Task description: When you copy the data, keep every line exactly as written and skip the pictures.

[Records for the exercise]

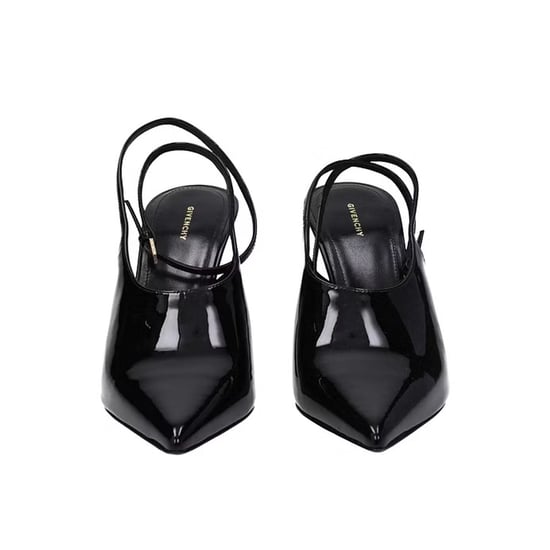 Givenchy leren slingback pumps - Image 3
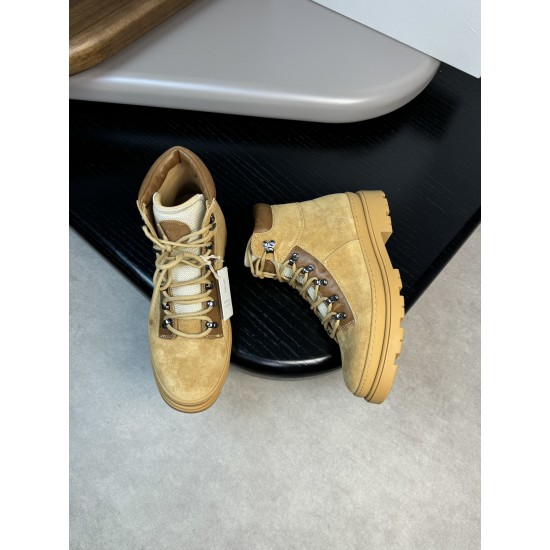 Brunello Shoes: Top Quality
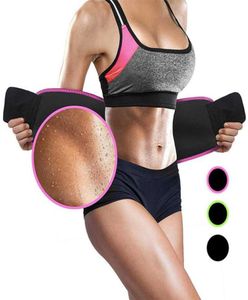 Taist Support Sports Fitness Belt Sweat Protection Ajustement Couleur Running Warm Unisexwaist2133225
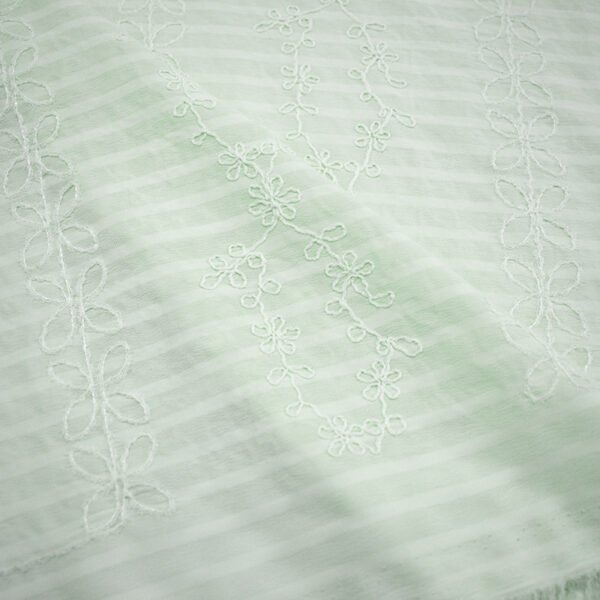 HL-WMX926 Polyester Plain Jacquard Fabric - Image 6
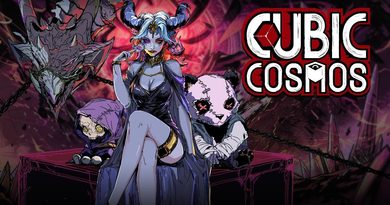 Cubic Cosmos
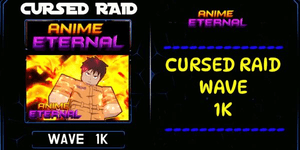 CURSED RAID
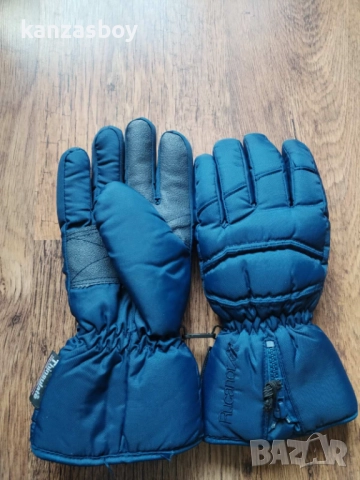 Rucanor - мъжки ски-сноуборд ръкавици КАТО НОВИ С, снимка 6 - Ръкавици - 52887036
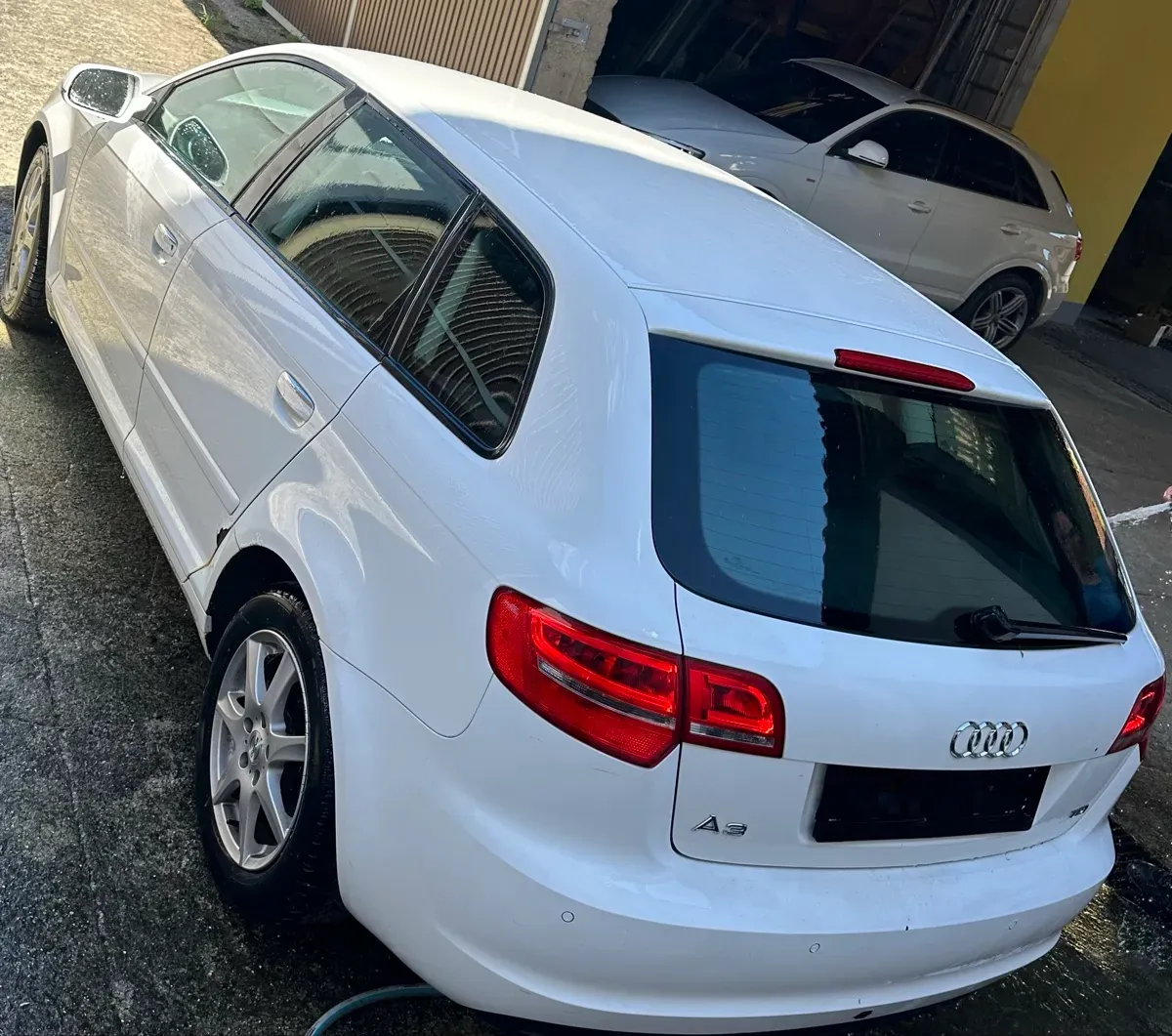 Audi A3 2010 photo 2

[/Records for the exercise]

Answer to the problem:
 Givenchy leren slingback pumps - Image 3
 Brunello Shoes: Top Quality
 Taist Support Sports Fitness Belt Sweat Protection Ajustement Couleur Running Warm Unisexwaist2133225
 HL-WMX926 Polyester Plain Jacquard Fabric - Image 6
 Cubic Cosmos
 CURSED RAID
 Rucanor - мъжки ски-сноуборд ръкавици КАТО НОВИ С, снимка 6 - Ръкавици - 52887036
 Audi A3 2010 photo 2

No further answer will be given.